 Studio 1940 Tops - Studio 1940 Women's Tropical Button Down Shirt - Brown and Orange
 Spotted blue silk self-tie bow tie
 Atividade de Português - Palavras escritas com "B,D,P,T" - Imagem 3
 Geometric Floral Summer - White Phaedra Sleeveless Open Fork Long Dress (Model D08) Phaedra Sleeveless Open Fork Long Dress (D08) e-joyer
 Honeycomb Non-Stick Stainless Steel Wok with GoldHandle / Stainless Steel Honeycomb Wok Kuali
· · · ·
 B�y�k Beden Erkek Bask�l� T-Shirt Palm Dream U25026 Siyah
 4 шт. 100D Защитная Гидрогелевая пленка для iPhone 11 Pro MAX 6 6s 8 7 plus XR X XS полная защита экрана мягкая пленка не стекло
· · · ·
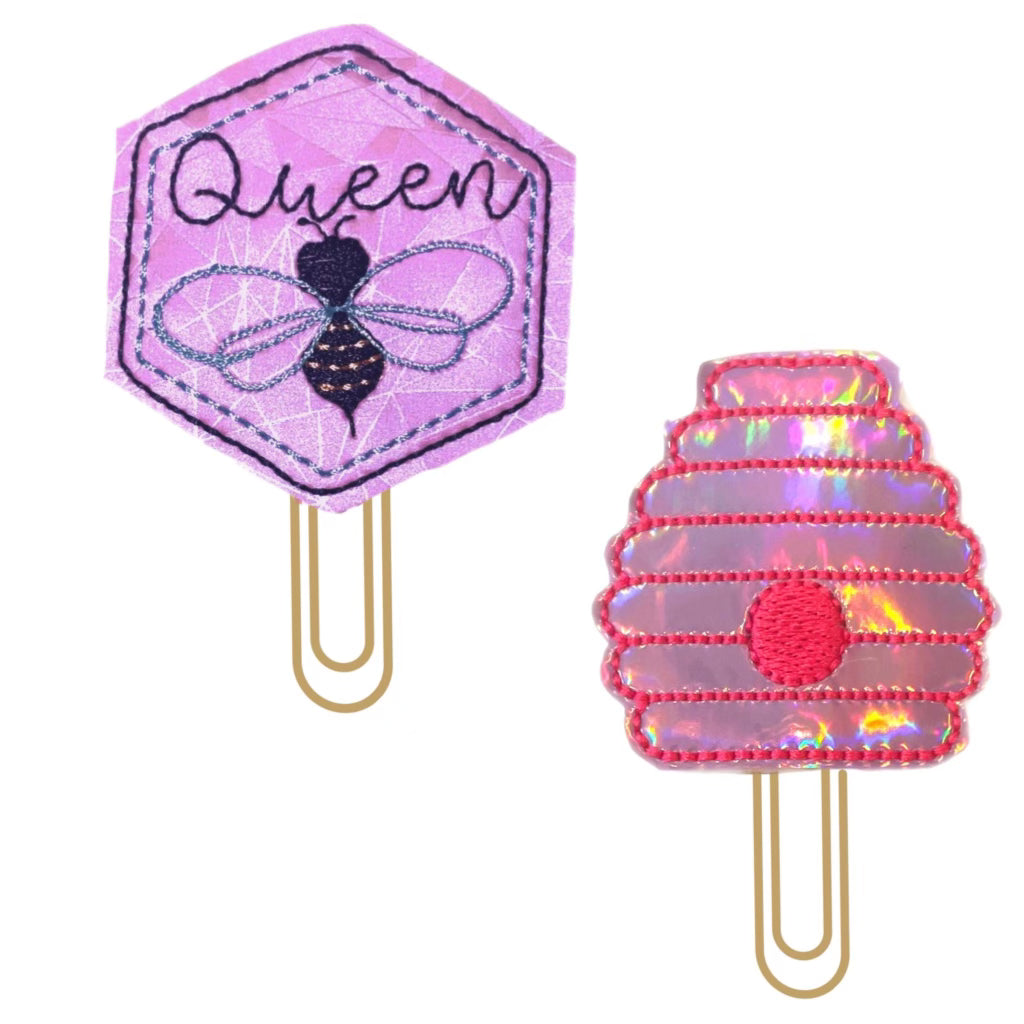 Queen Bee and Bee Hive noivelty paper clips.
· · · ·
◆ **Task objective**
A verbatim transcription is needed of the lines above, starting at the line with "Studio 1940 Tops" and ending at the line with "Geometric Floral Summer", both included, and of nothing else.

◆ **Response to the exercise**
 Studio 1940 Tops - Studio 1940 Women's Tropical Button Down Shirt - Brown and Orange
 Spotted blue silk self-tie bow tie
 Atividade de Português - Palavras escritas com "B,D,P,T" - Imagem 3
 Geometric Floral Summer - White Phaedra Sleeveless Open Fork Long Dress (Model D08) Phaedra Sleeveless Open Fork Long Dress (D08) e-joyer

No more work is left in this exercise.